Last weekend at our Retreat/Advance, we opened the day by going around the room, saying our names & the sites where we serve, and sharing a bit about how our listening practice is going. It isn’t uncommon to notice a theme arise in our sharing. To my ears, a theme amongst our stories was the value of being a stranger who listens. Compared to the kind of listening (or lack there of) that is more common in a family situation, sometimes being with a stranger… helps.
That said, we all were touched by the volunteers that shared about listening within their families. Tears were shed around our circle of listeners – a story of listening and being present in grief-stricken times, another story of the tender desire to listen to family members who need a listener.
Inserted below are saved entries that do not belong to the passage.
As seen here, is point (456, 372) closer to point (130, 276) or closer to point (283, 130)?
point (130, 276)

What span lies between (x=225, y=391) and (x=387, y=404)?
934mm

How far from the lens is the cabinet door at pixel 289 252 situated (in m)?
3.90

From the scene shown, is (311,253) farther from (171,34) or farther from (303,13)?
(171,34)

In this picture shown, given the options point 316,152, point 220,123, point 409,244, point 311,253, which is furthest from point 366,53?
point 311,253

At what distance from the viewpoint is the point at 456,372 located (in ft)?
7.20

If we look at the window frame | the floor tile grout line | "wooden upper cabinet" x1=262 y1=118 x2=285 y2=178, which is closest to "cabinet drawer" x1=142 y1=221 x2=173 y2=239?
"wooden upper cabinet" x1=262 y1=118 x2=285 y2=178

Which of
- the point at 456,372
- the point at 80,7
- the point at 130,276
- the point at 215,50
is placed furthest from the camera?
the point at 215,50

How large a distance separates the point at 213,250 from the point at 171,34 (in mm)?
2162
We have noticed, though, over our 11 years of service and counting, that although our hearts are full of compassion, it is often easier be a stranger listening to others than to listen within our own families.
There are reasons for this and one of them may be the reciprocity embedded within family relations that can unconsciously be experienced as a demand for attention. This level of reciprocal relating isn’t there between strangers. Listening to family and strangers brings up a ‘good and honest’ question: How can we be better listeners around the people we are familiar with and who are familiar with us?
‘Letting go of outcome’ is something I’ve written about more than once in these letters. It gets a lot of airtime because it takes a lot of practice and remembering. But there is another aspect of deep listening that comes into play today: The art of the good, honest, question.
A good question is open-ended and invites our guest to go deeper into their story. An honest question is one to which we don’t already know the answer. So, how can we be better listeners with our families and friends… is a good and honest question. I do trust that the question in our hearts is good and will continue to take us deeper into our own story/practice of listening. And, for the record, it is as honest a question for me as it is for anyone else.
Pop-up listening even outside of our typical shifts came up for several of us. Kellin described his experience of listening at a scene of a fire where a witness was triggered to share about her own past tragedies. She told Kellin thatt her family no longer want to hear her story – sadly she still needed to share it and Kellin was the perfect stranger to listen in that moment.
Marilyn shared of her experience listening at Mt View and the value of listening there is that you get to “see the community. It is really good and really hard.” This might be the advantage of being a stranger – the ability to be present for what is “really hard,” when it is just slightly removed from our private lives.
Another place where listening is happening is at the NICU. Ed moonlights there holding the babies, offering his loving presence to them. And, through this experience he has been listener to the parents of these little ones. His own personal history opens his compassion for these families. As it turns out, he gets to be their ‘listening stranger.’
Zoe share a beautiful insight and invitation about her work life. Our relationships at work are somewhere in between, right? Not family but not strangers either. “It is important to listen to people you are with every day,” is what she has learned hands on. In her role at work she has noticed that people are anxious over work issues or changes. “Anxiety met with listening calms everyone down.”
There was more compassion and insight shared around that room than I can put into this letter. I will share more as the weeks unfold, but if you weren’t able to be with us, I’m hoping you are picking up on the spirit of our Retreat/Advance.